Pine Needles Lodge & Golf Club
Pine Needles, a Donald Ross classic in Southern Pines, N.C., dating to 1928, remains the first Sandhills course to host the U.S. Women's Open, doing so three times. The quality of its winners -- Annika Sorenstam (1996), Karrie Webb (2001) and Cristie Kerr (2007) -- certainly matches the caliber of the 7,015-yard course.
Any round provides a quintessential Sandhills experience. The doglegs through the towering pines require proper angles and shot shapes to score well.
Atlantic City Country Club
Atlantic City Country Club, the consensus top course in New Jersey, has hosted six USGA championships, including the 1901 U.S. Amateur won by Walter Travis and the 1911 U.S. Open won by the club's head professional, Johnny J. McDermott. Babe Didrikson Zaharias, perhaps the greatest female golfer of all-time, won the 1948 U.S. Women's Open, the first of three held at the club (Carol Mann won in 1965 and Sandra Palmer in 1975).

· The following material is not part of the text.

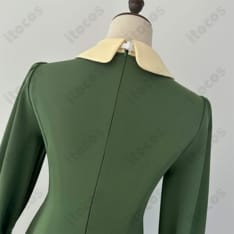 エヴァ アスカ 学園制服コスプレ3点セット 高再現で動きやすく撮影・イベントに最適 - 4枚目の画像（サムネイル）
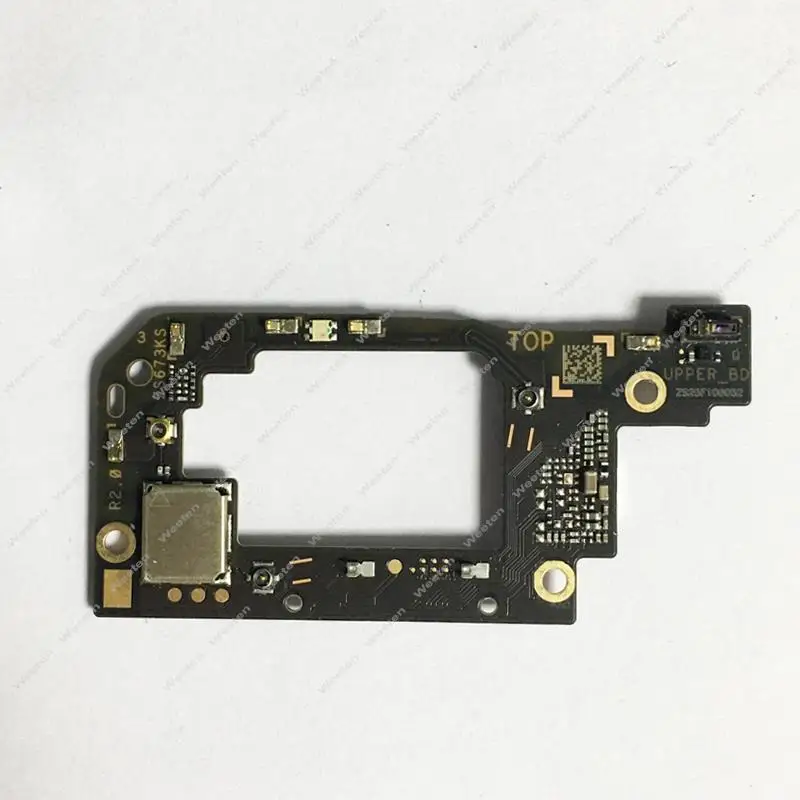 For ASUS ROG Phone 5 Rog 5 ZS673KS Microphone Board with Proximity Ambient Light Sensor Board Replacement Parts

It's also the place where the golf terms "birdie" and "eagle" originated. A rock to commemorate the first "birdie" -- a great shot by Abner Smith that came to rest within inches of the cup on the 12th green in 1903 -- sits proudly on the grounds. The 6,577-yard, par-70 course in Northfield features twisting, tree-lined fairways, bold bunkering, and slick, slanted greens. A four-hole stretch on the back nine dives into the tidal marshes of Lakes Bay, revealing views of the Atlantic City skyline.
The Cascades at the Omni Homestead Resort
It was a surprise winner, amateur Catherine Lacoste of France, who captured the 1967 U.S. Women's Open on the Cascades Course, the most famous of three tracks at the famed resort in Hot Springs, Va.
Sam Snead honed his game on this classic built in the Allegheny Mountains by architect William S. Flynn in 1923. Many still considered it Virginia's premier public playground, although the newer Highland Course at Primland is in the conversation as well.
The Dunes Golf and Beach Club
Murle Lindstrom set a dubious record by winning the 1962 U.S. Women's Open at 13-over par, a record high score for a winner. That's of little surprise to those who have played the Dunes Golf and Beach Club, a tough Robert Trent Jones, Sr. design in Myrtle Beach, S.C.
Contrary to the name, the course never sees the beach. Only the par-3 ninth hole offers a quick glimpse of the Atlantic Ocean. Scenic holes 11-13, aptly nicknamed Alligator Alley, roam through the marshes near Lake Singleton.
Scenic Hills Country Club
Few golfers outside of the Florida Panhandle would know much about the University of West Florida's home course in Pensacola, site of the 1969 U.S. Women's Open won by Donna Caponi. Her five-stroke comeback in the final round remains the biggest comeback in tournament history.
Scenic Hills C.C., a Chic Adams course dating to 1958, has been renovated over the years to stay relevant. A $3.5 million clubhouse opened in 2008.